▸ **Your instructions**: Reproduce the listing below exactly, minus its pictures.

▸ **Source data**:
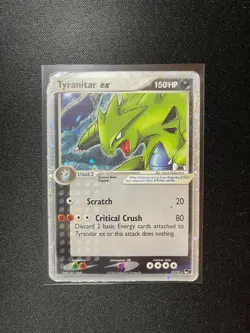 Tyranitar ex - 17/17 - Ultra Rare (Foil) POP Series 1 Promos Poor Pokemon Card - Image 1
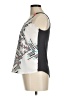 Xhilaration 100% Polyester White Sleeveless Blouse Size M - photo 5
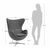 Кресло EGG STYLE CHAIR коричневый, изображение 10 | Интернет магазин мебели и декора LifeDekor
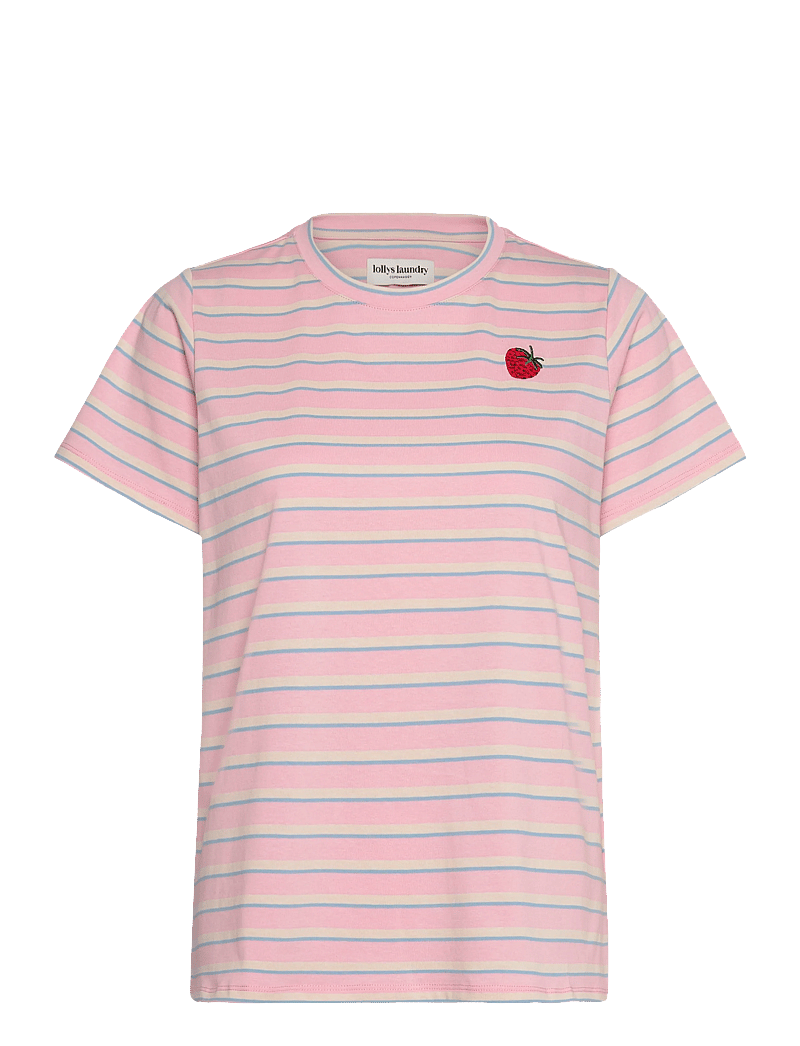 Lollys Laundry - RomaLL Tee - t-shirts - light pink - 0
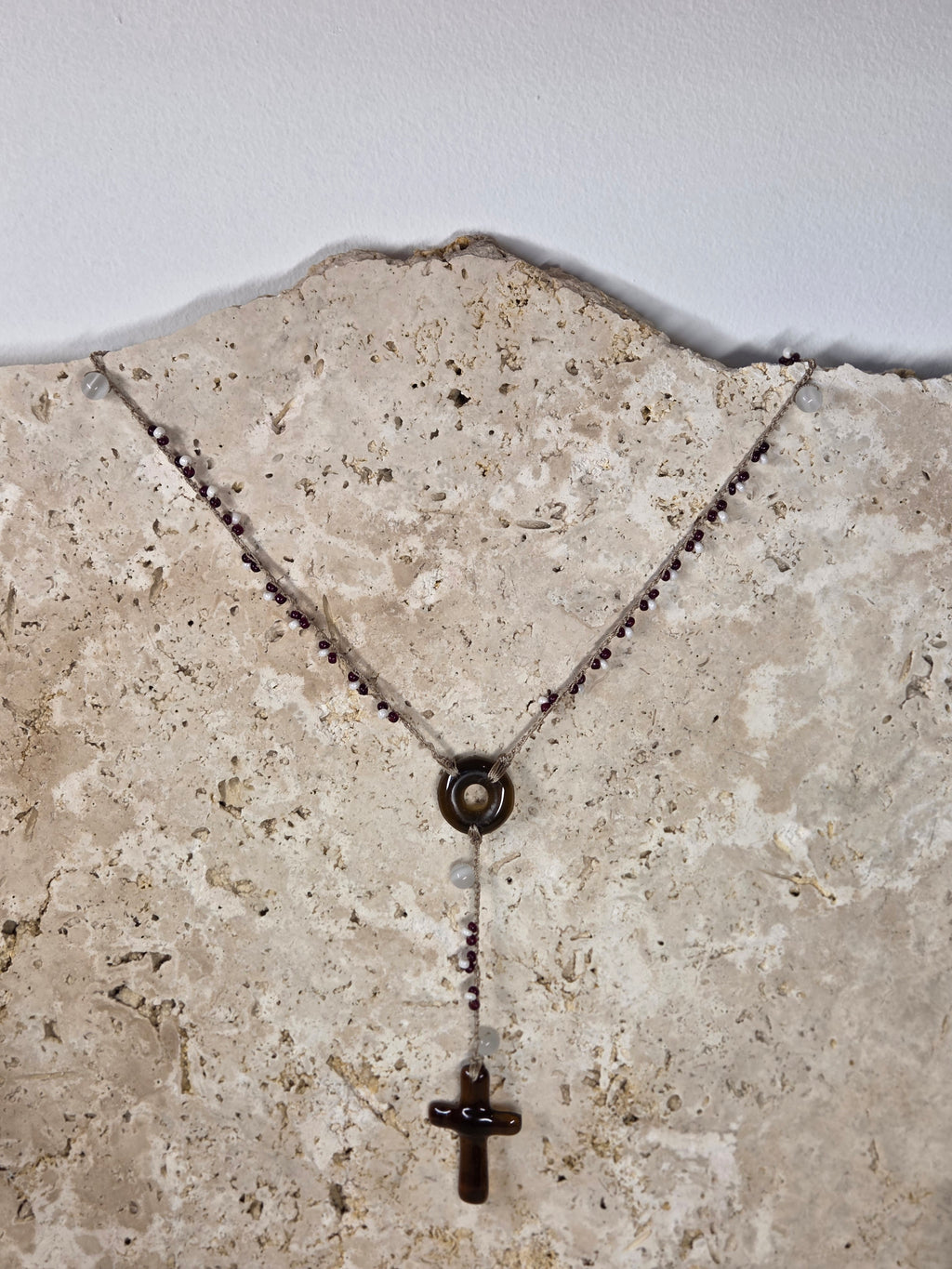 Chapelet en verre recyclé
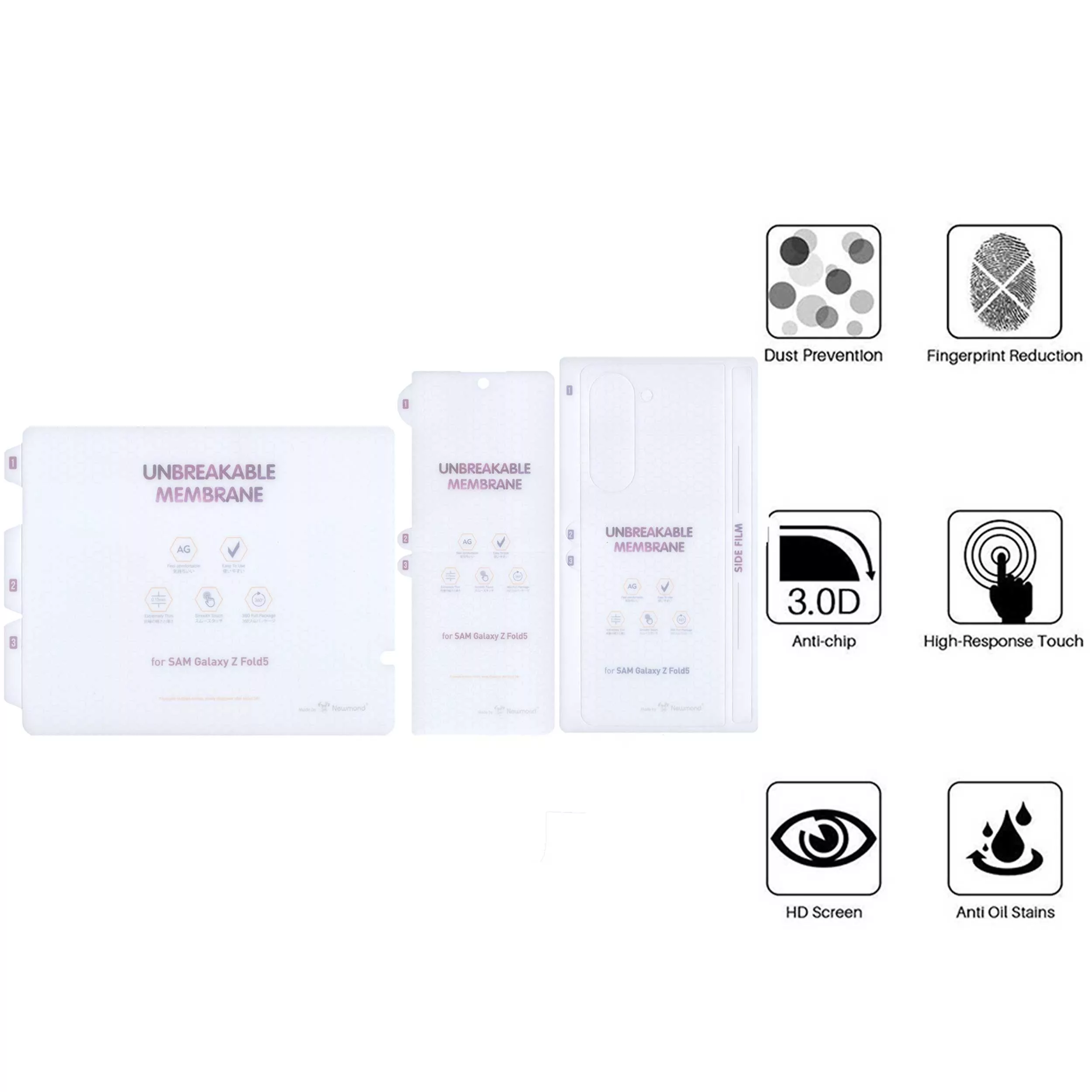 محافظ صفحه نمایش مات بوف مدل Hydrogel-Matte مناسب برای گوشی موبایل سامسونگ Galaxy Z Fold 5 به همراه محافظ پشت گوشی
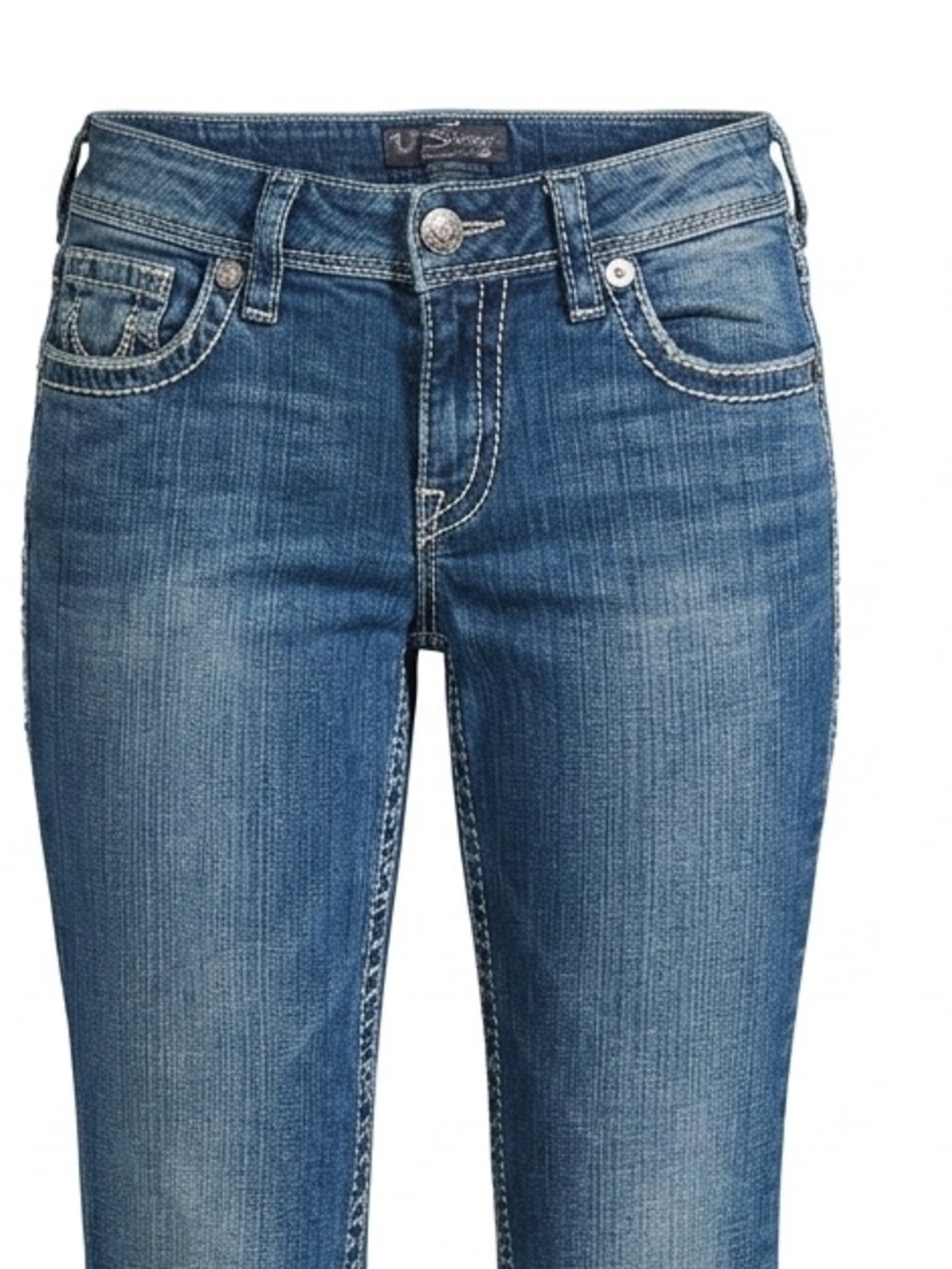 Silver Jeans Medium Blue Wide-Leg Flare Jeans SS 32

▸ **Answer box**:
 Tyranitar ex - 17/17 - Ultra Rare (Foil) POP Series 1 Promos Poor Pokemon Card - Image 1
 Xhilaration 100% Polyester White Sleeveless Blouse Size M - photo 5
 Кресло EGG STYLE CHAIR коричневый, изображение 10 | Интернет магазин мебели и декора LifeDekor
 Lollys Laundry - RomaLL Tee - t-shirts - light pink - 0
 Chapelet en verre recyclé
 محافظ صفحه نمایش مات بوف مدل Hydrogel-Matte مناسب برای گوشی موبایل سامسونگ Galaxy Z Fold 5 به همراه محافظ پشت گوشی
 Silver Jeans Medium Blue Wide-Leg Flare Jeans SS 32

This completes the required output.